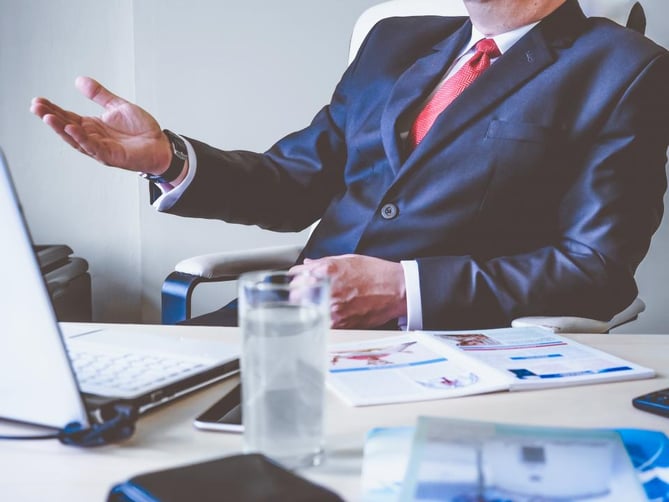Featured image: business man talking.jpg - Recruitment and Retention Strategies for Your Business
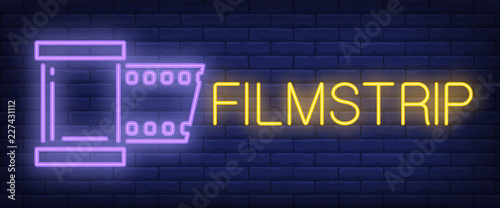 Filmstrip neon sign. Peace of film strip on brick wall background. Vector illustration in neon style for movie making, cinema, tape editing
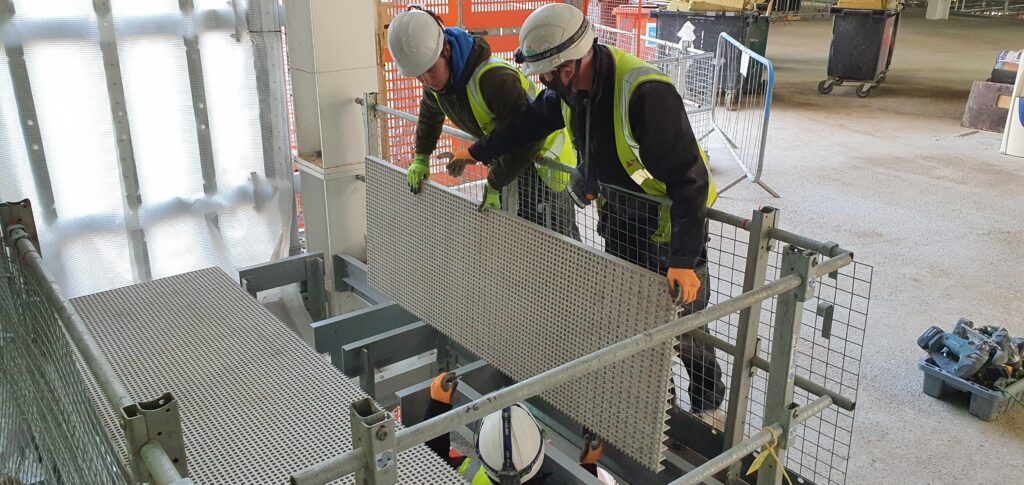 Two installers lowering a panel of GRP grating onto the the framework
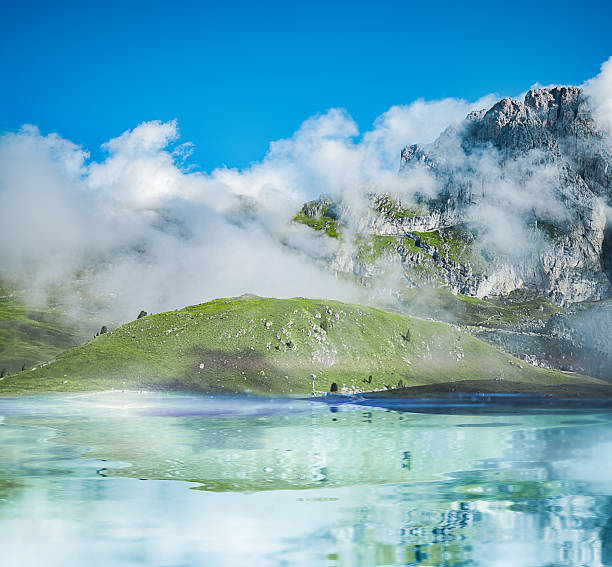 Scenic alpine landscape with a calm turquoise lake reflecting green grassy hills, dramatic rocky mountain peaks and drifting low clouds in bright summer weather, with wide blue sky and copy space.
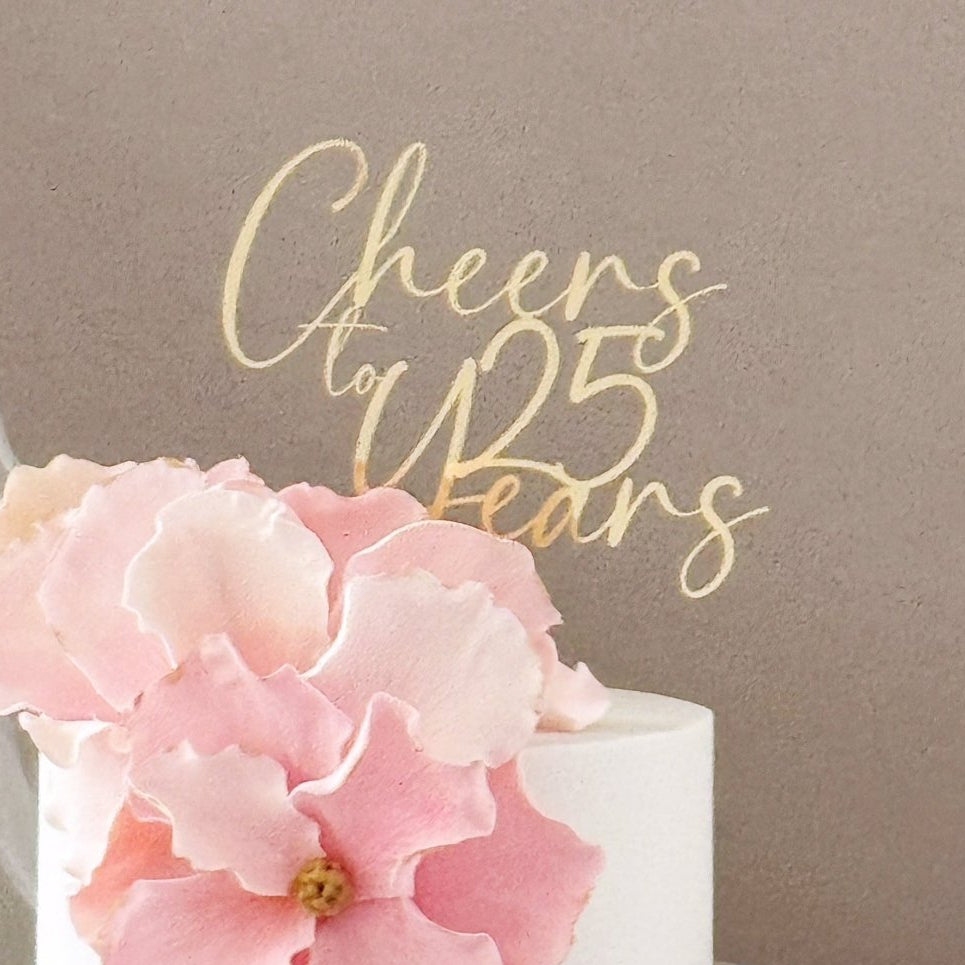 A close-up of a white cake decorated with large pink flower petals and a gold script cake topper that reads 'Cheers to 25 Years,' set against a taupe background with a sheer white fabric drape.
★ ★ ★ ★
[Exercise prompt]: Leave the images aside and transcribe all entries exactly.

[Answer to this exercise]:
Featured image: business man talking.jpg - Recruitment and Retention Strategies for Your Business
 Filmstrip neon sign. Peace of film strip on brick wall background. Vector illustration in neon style for movie making, cinema, tape editing
 Two installers lowering a panel of GRP grating onto the the framework
 Scenic alpine landscape with a calm turquoise lake reflecting green grassy hills, dramatic rocky mountain peaks and drifting low clouds in bright summer weather, with wide blue sky and copy space.
 A close-up of a white cake decorated with large pink flower petals and a gold script cake topper that reads 'Cheers to 25 Years,' set against a taupe background with a sheer white fabric drape.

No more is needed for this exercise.